▸ **Directions for this task**
Output the data below exactly, images excluded.

▸ **The data**
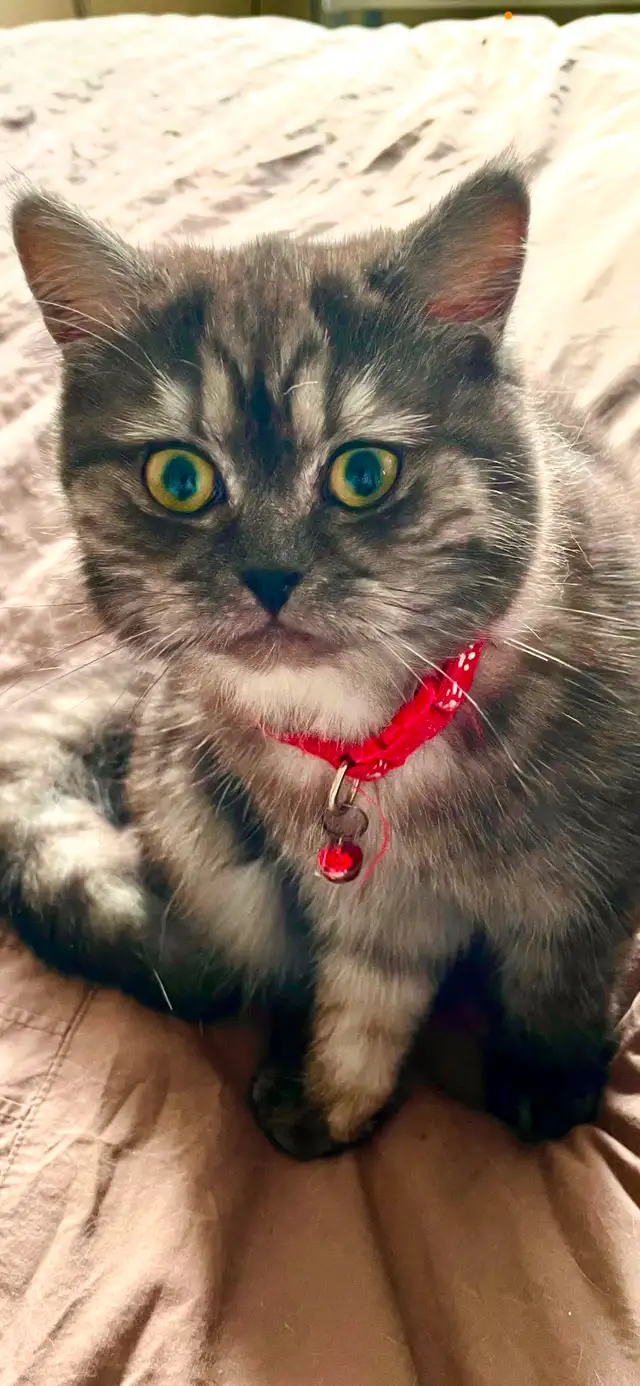 Beautiful British shorthair 8 months old female in Cats & Kittens for Rehoming in City of Montréal - Image 8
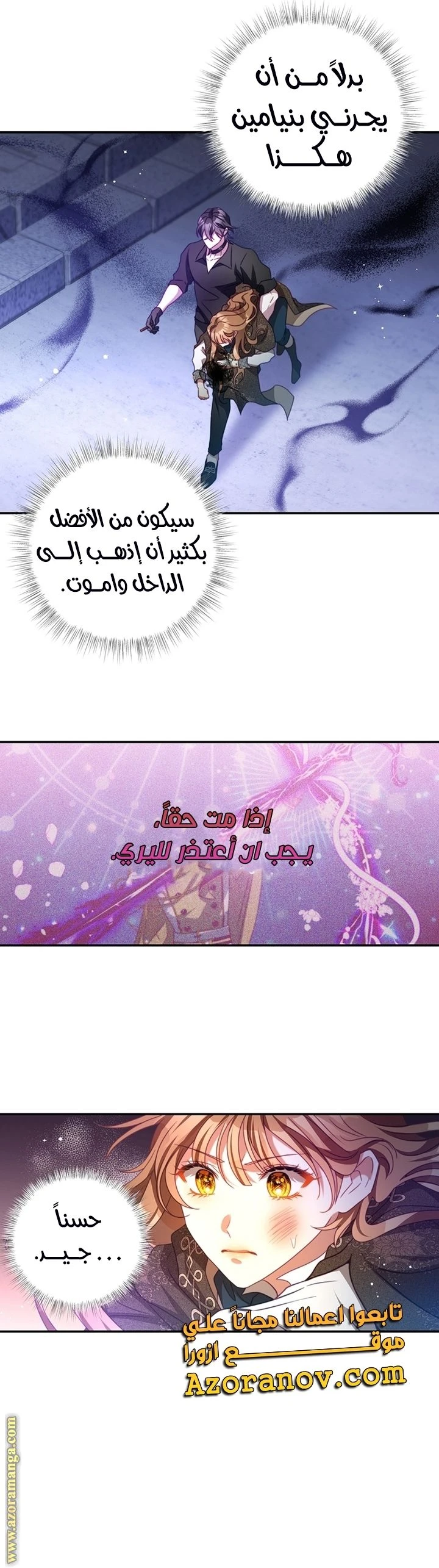 الصفحة 17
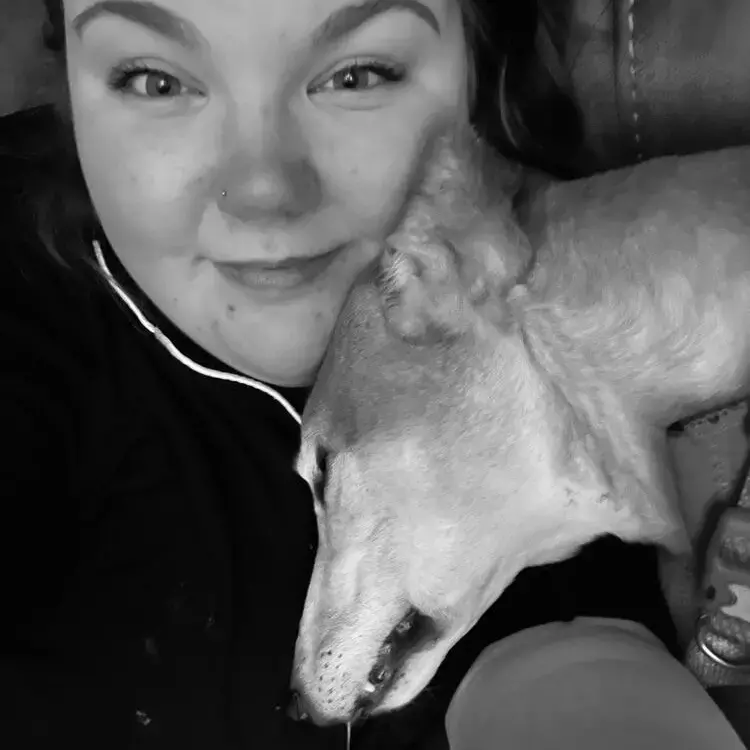 Greyhound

▸ **Response box**
 Beautiful British shorthair 8 months old female in Cats & Kittens for Rehoming in City of Montréal - Image 8
 الصفحة 17
 Greyhound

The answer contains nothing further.